== TASK OBJECTIVE ==
Return only what runs from the line containing "Personalised Wool Love" through the last line of the entries below, exactly, omitting pictures.
(DATA TO PROCESS begins)
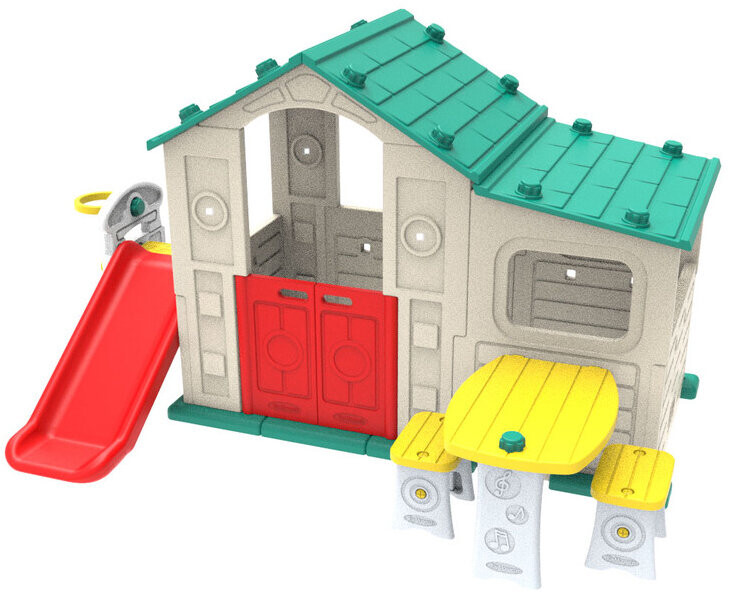 Ramiz ZOG.CHD-508G Dětský domeček s předsíňkou 4v1, zelená střecha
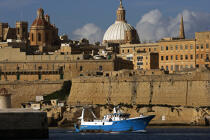 L'Eglise St Paul à La Vallette. © Philip Plisson / Plisson La Trinité / AA11695 - Nos reportages photos - Rempart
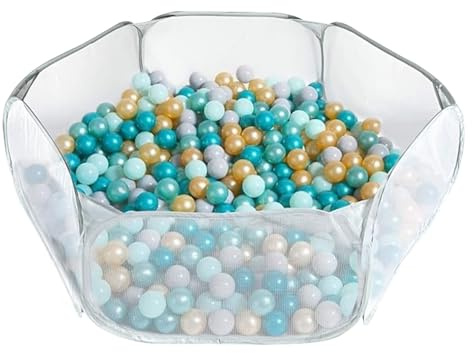 HIULLEN Ball Pit, Indoor & Outdoor Play Tent Playpen Ball Pit Pool, 100x115cm Foldable Large Pop Up Ball Pits Tent, Ocean Ball Pool for Indoor Outdoor (Balls Not Included)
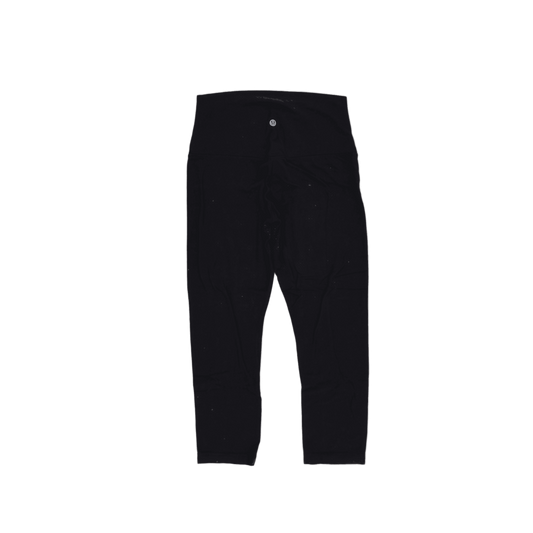 Lululemon Black High Waist Cropped Leggings Women Size 6 Nylon Elastane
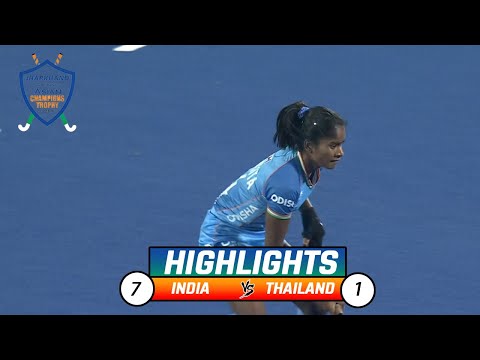 India 7 - 1 Thailand | Highlights | Women's Asian Champions Trophy | 27th October 2023
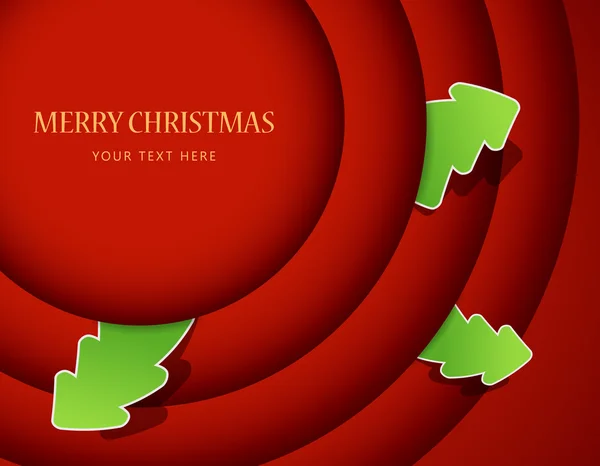 Κόκκινους κύκλους με χριστουγεννιάτικο δέντρο κονκάρδες — Διανυσματικό Αρχείο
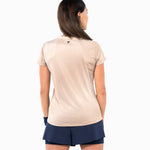T-SHIRT X-LOOP TEE FEMME SAND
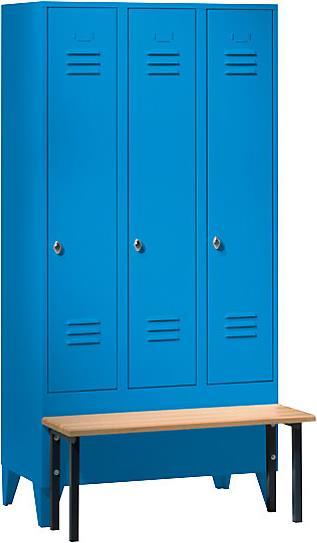 Actual product image Wolf Clothes locker with bench in front (90 cm, 185 cm)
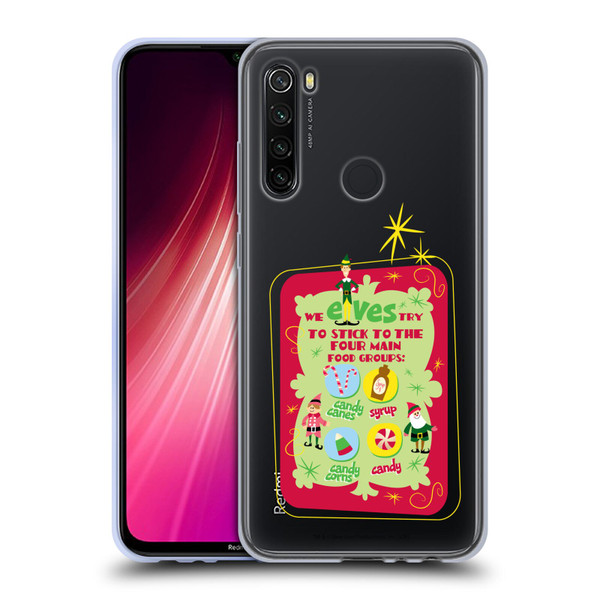 Elf Movie Graphics 1 Food Groups Soft Gel Case for Xiaomi Redmi Note 8T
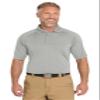 CornerStone Unisex Select Lightweight Snag-Proof Tactical Polo | Short Sleeve Work Shirt for Men & Women, Pen Slot, Mic Clip, Light Grey, 3X-Large view 1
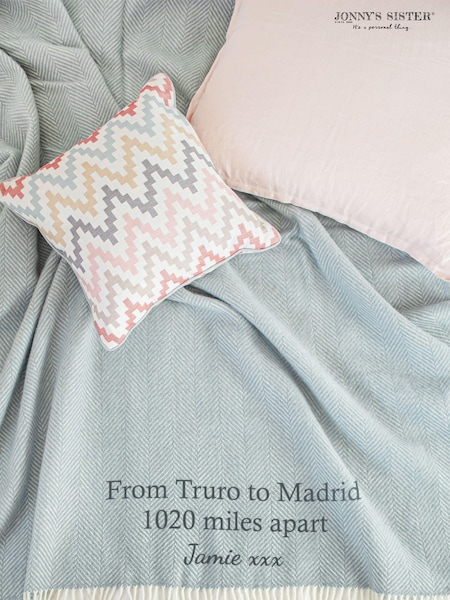 Personalised Wool Love Across The Miles Throw by Jonny's Sister (E82097) | £82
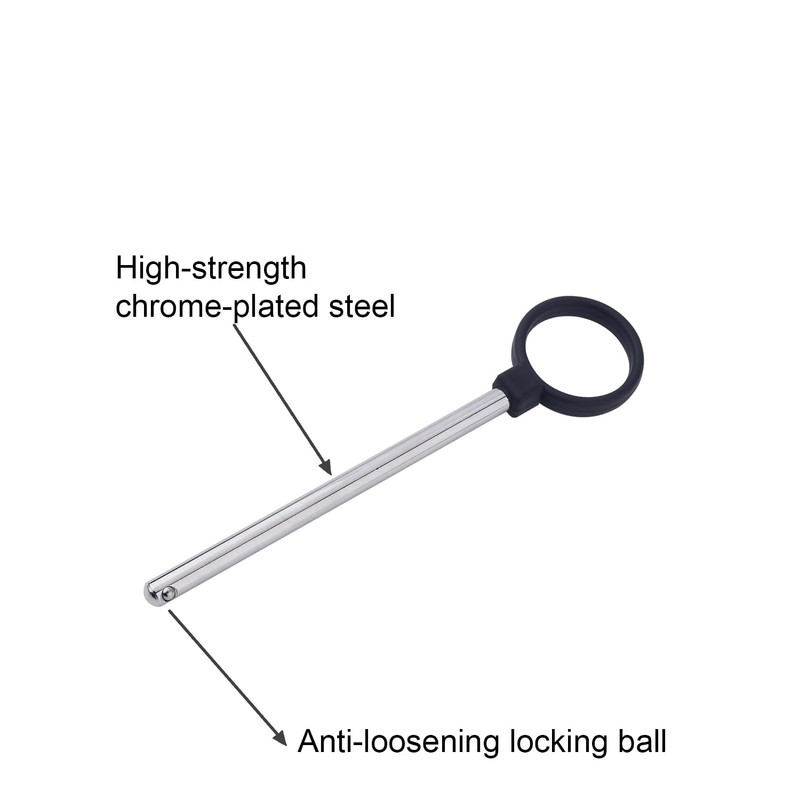 Ring Shaped Weight Stack Pin, 3/8 Inch Diameter Drop Set
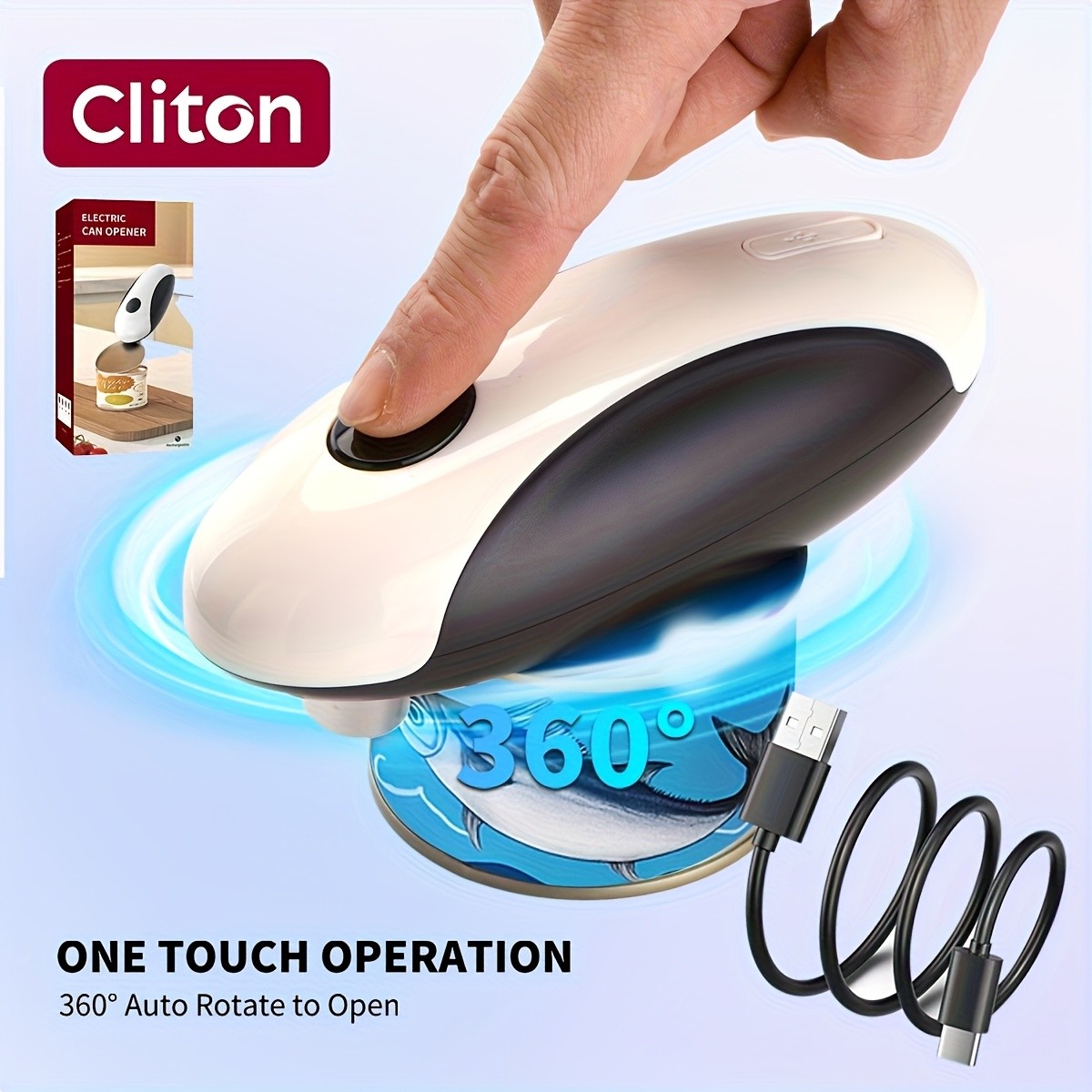 CLITON TurboCharge Can Opener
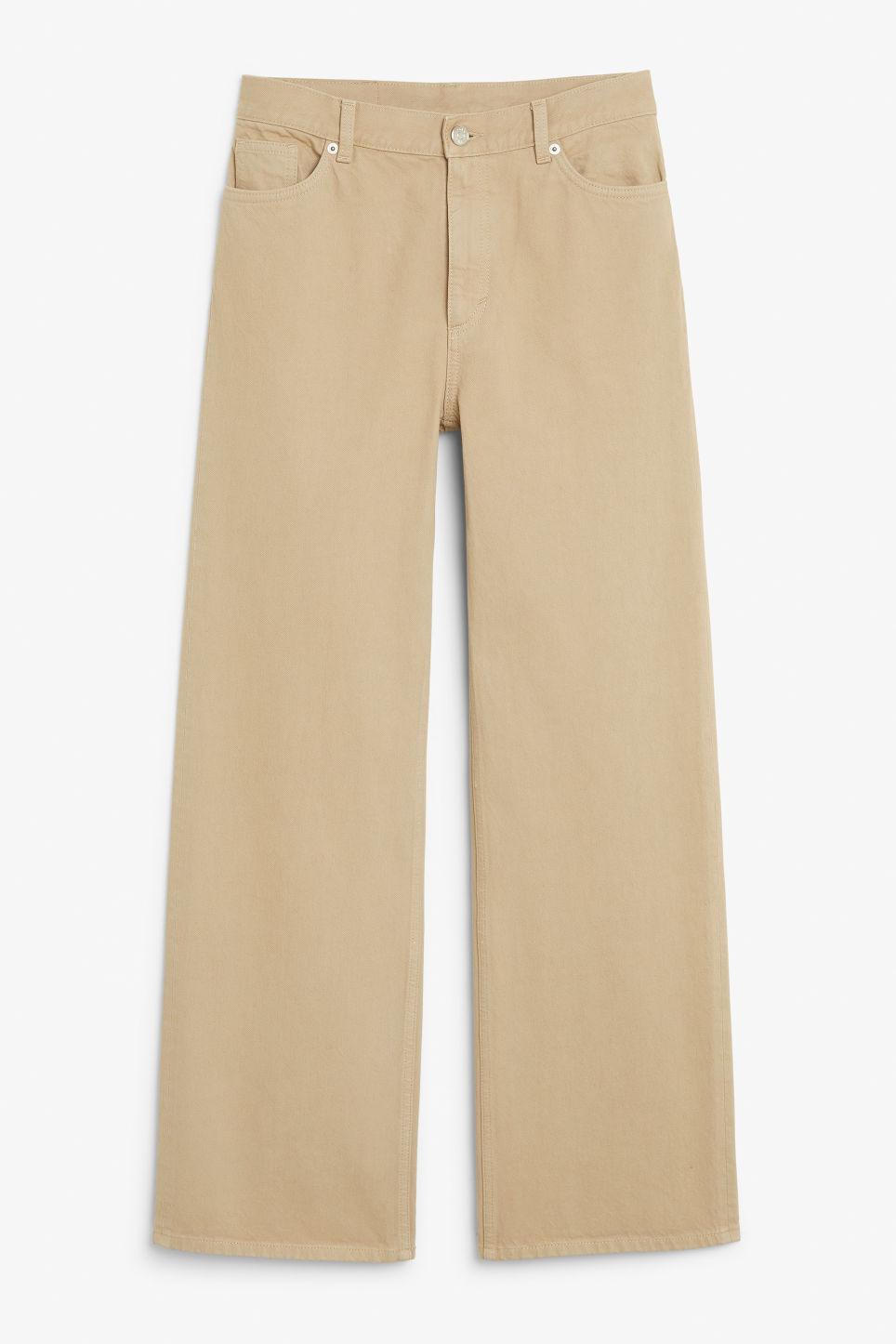 Monki jeans beige Clearance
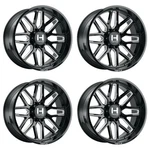 Set 4 20" Hostile H120 Vulcan Blade Cut 20X10 8X170 -19MM Wheels Lifted Rims New. Price: $2036.00.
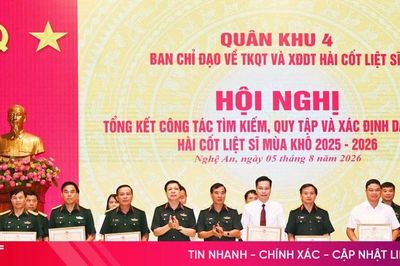 Quân khu 4 tổng kết nhiệm vụ quy tập hài cốt liệt sĩ mùa khô 2025 – 2026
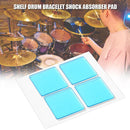 Snare Drum Mute Pads Transparent Drum Damper Mufflers Set Instrument Accessories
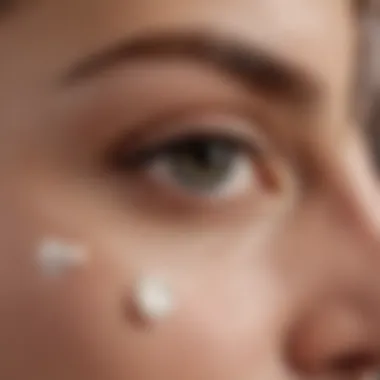 Application of Hydrocortisone Cream A visual representation of hydrocortisone cream being applied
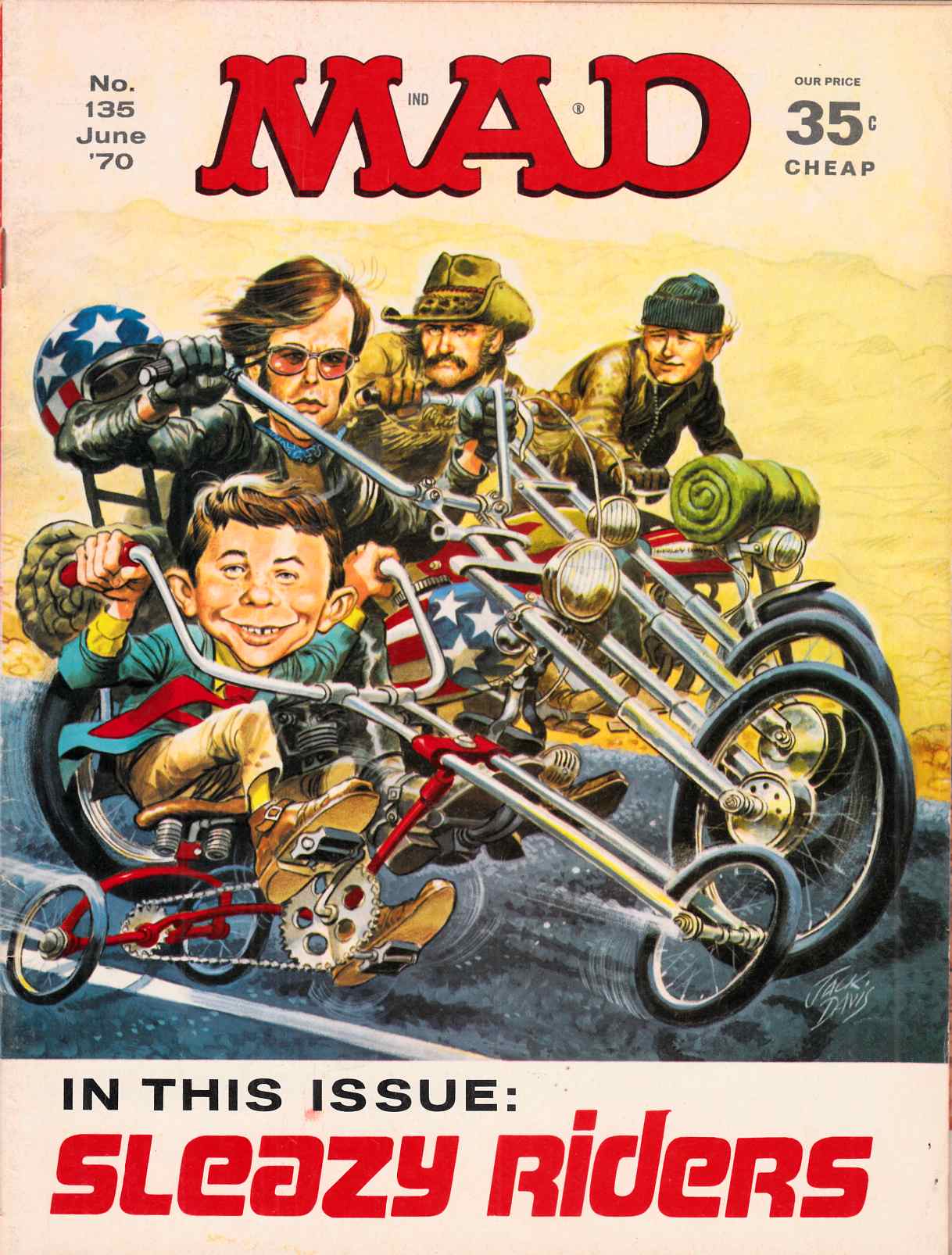 Mad Magazine #135 Very Good (4.0) [EC Comic] THUMBNAIL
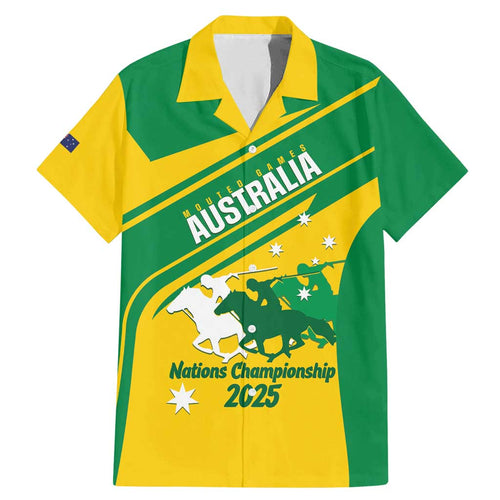 Personalised Mounted Games Australia Family Matching Mermaid Dress and Hawaiian Shirt Nations 2025 Championship National Color - Aussie Hoodie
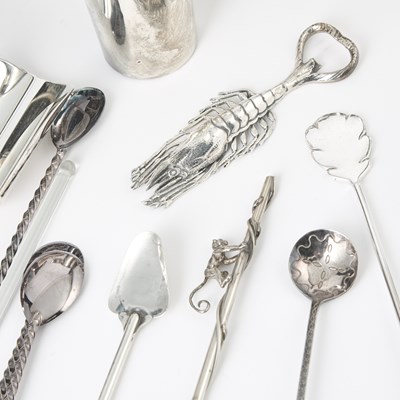 Lot 560 - Group of Silver Plated Barware Articles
(DATA TO PROCESS ends)
== WRITTEN SOLUTION ==
 Personalised Wool Love Across The Miles Throw by Jonny's Sister (E82097) | £82
 Ring Shaped Weight Stack Pin, 3/8 Inch Diameter Drop Set
 CLITON TurboCharge Can Opener
 Monki jeans beige Clearance
 Set 4 20" Hostile H120 Vulcan Blade Cut 20X10 8X170 -19MM Wheels Lifted Rims New. Price: $2036.00.
 Quân khu 4 tổng kết nhiệm vụ quy tập hài cốt liệt sĩ mùa khô 2025 – 2026
 Snare Drum Mute Pads Transparent Drum Damper Mufflers Set Instrument Accessories
 Application of Hydrocortisone Cream A visual representation of hydrocortisone cream being applied
 Mad Magazine #135 Very Good (4.0) [EC Comic] THUMBNAIL
 Personalised Mounted Games Australia Family Matching Mermaid Dress and Hawaiian Shirt Nations 2025 Championship National Color - Aussie Hoodie
 Lot 560 - Group of Silver Plated Barware Articles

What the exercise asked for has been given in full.